Wednesday, 24 September 2008

Gosh Gosh Gosh

Today I feel like crying.  The weather is lovely, I was having a great day and in a couple of days my hot out of down shag boy will be here. But I went to the toilet and found that I have some more lady leakage painting wise.. if you get what I am saying. So there is something wrong with my area...which racks me off because I was ready for some raunchy bed action but instead I might be somewhat hindered by pain and uncomfortableness. Which is going to be very embarrassing. Plus I'm still getting a small amount of discharge from the other thing.  Eww, I hope I don't have germs........Now I'm all tense because i really wanted a good shagfest and now I'm just going to worry until the time he gets here.

Monday, 22 September 2008

Up or Down?

I'm setting myself up for a fall. It's about a dude and I know this information but I couldn't help but squeal with excitement when I found out he was visiting. This dude is great in bed. He is not bad looking but personality wise he really is not my type and I find myself being a cold fish when I talk to him. So relationship wise there is nothing going. But I'm just ever so excited.  He blew me off last time but I knew he was going to so I went out and had a blinder anyways.  But I don't know how long he is here for, I don't know what he is doing but he will be staying 1 night at my place. I am currently thinking I am some what of an egg head. But I can't help myself and I'm just so sexual at the moment it's unbelievable.  Today I went down to priceline and picked up some durex condoms. The flavoured and coloured now come in Kiwi flavour. I'm hoping it will lessen the chance of thrush. I am taking inner health plus. It's been a hell of a fanny month for me. The coke dude I got a massive UTI and then a good 2 week dose of thrush. And as silly as I am, I didn't realise I had thrush until last night.  In the weekend I went out and purchased some pinetarsol hoping that it was just an itchy sore problem.  But it felt like it was on fire and I massive amounts of discharge on my panties. So today I got some Canesten Duo.  The cream is very good and I'm hoping that I will feel a lot better tomorrow and ready for some sexual action. I know it may sound silly, but for some reason I really want to be wanted by this guy even though I know we are not a match and typically, it would not bother me otherwise but for some reason, I have to have this guy like me and I don't know why.  I think that's why I'm so excited so I get another chance.  But I'm not a close close type of person. I have been changing over the past few months and have let down a few guards but it just seems unreasonable. I think its the fact that even though I had my 31st birthday, I couldn't remember what my age was yesterday I was like 30 no I'm 31. Maybe it's because I'm getting old and I still want to feel wanted. Well, I don't really think that's it but it's all I have to go on at the moment. It could also be that this is the closest thing I have to anyone (opposite sex wise) at the moment and I'm just really glad I have something. Maybe I should just stop thinking about it and just live life!

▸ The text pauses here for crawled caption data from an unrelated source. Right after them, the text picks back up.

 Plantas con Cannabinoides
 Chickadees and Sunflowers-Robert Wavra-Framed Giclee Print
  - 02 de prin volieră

Tuesday, 16 September 2008

Only in NZ

ha ha, this story really made me laugh.. especially this part:

"Two tickets being sold together for the East Stand have already attracted a bid for $425 but not all Trade Me punters are happy.

One has already threatened the seller.

"What goes around comes around for losers like you! Might deliberately win your auction - fool you into believing that I'm a genuine buyer and not turn up with the cash! Of course (sic) I wont be bidding under this account - shame on you scalper."

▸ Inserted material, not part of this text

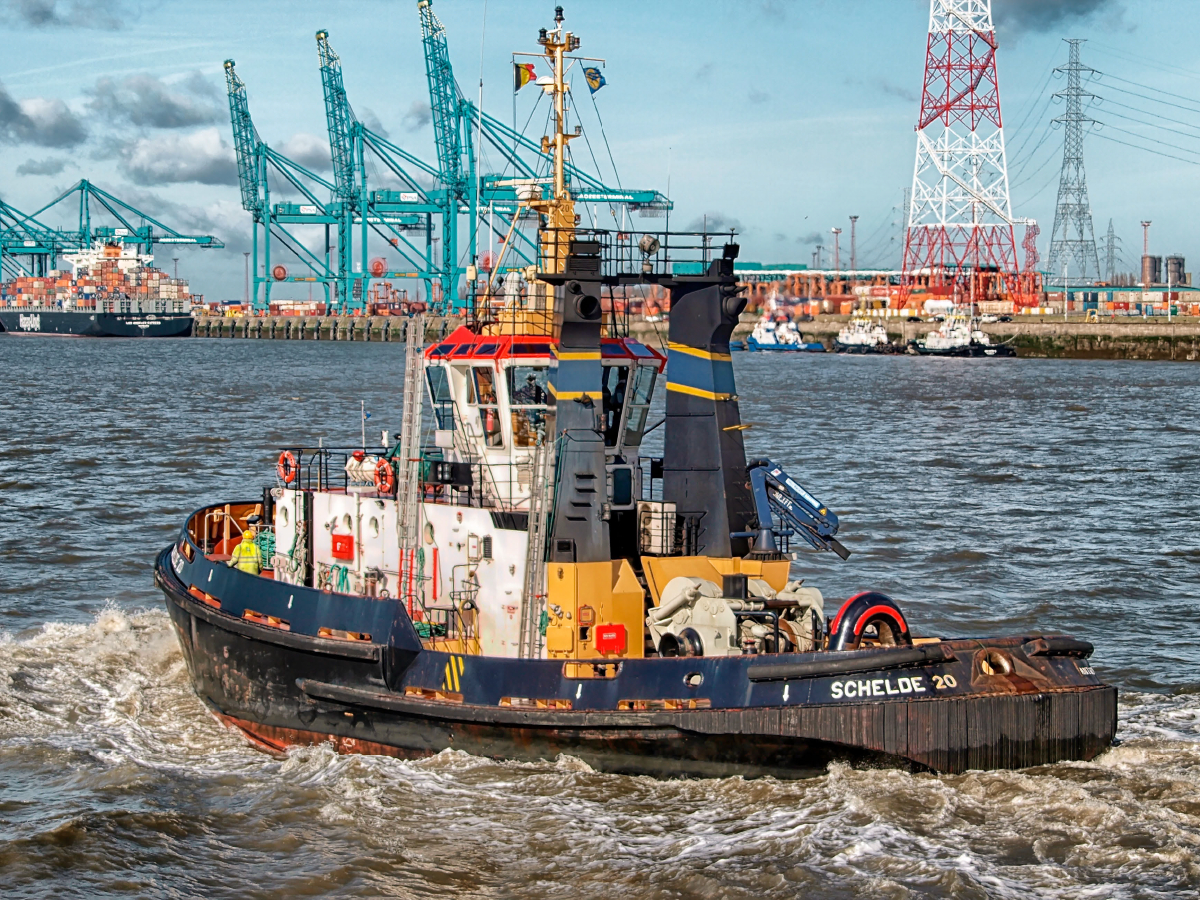 Schlepper Hafen Antwerpen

Another fan also expressed anger at a seller with two tickets with a current bid of $355.

"You make me and a lot of other Warrior and Roosters fans sick!!!!!! You can't be a true supporter!"

Another poster supported the seller: "Hi, I don't know why everyone gets all upset with people doing this with Warriors tickets...there are all sorts of tickets on here for sale but no one moans about them!"

Other posters have threatened violence."

That's so NZ to threaten violence over some sports tickets. ha ha. I took some time to read through the trade me auctions and was more amused by the lack of english the sellers possessed. One seller who had their tickets reached to about $555 (Gosh, they must be desperate over there to pay that much to see the Warriors!!) his language was simply appalling. I can just imagine him, sitting at home, on the dole, smoking some crack, trying to make a quick buck.  You can certainly tell this person's ethnicity. Fresh of da boat ar!

Sunday, 14 September 2008

Womanly Rough Day

Me thinks today will be quite a painful day for me.  I have got a bad UTI. I thought it had gone away but it has come back pretty darn tough. I have to get it cured before my holiday and my doctor is away next week. I'm hoping that there is a spot in the practice with another doctor so I can go in Monday. I'm going to have to get up early tomorrow morning and get in to work before 8:30am so that if they have an opening, I can just go in straight away.  I've been on the effervescent and the cranberry pills which are better than cranberry juice but oh the pain. One day last week I was crying before work sitting thinking should I go in or should I not.  I actually picked it up from that Hotel guy. And I was so smashed that night, I really only remember a couple of things. Which has made me really worried that he might have diseases.  In some of my previous countries, they had free clinics where you could go and get std checks and all that kind of stuff. But they don't have anything like that here. I do not have a low income card or anything like that. I think that it's a travesty.  I really like my free std checks.  And recently I've been worried about pregnancy and when my nipples started playing up this week I was just like shiver me timbers, please no.  There are several reasons why I would not like to be pregnant at this stage, but mostly when I do get pregnant (if I ever do because the ladies at work keep scaring me with the stories of labour) I would like to be at the point where I would know who the father was and that I was in a relationship with that man and not the i've had relations with x different men this month and I won't be able to tell who it is.  Which is my current situation. Further more, I'm not big on details. I wouldn't even know the person's name if that was to happen.  Anyway, now I'm just thinking about stuff because I am worried I have germs from that guy.  Okay, hopefully I can relax shortly. Maybe I should put some music on and just loose myself in the music.  And I don't need to worry too much, if there is no doctor available tomorrow, I can just find another doctor.  There are tons of them in the city and tomorrow, I should have some anti biotics in my hand ready to get rid of this infection. 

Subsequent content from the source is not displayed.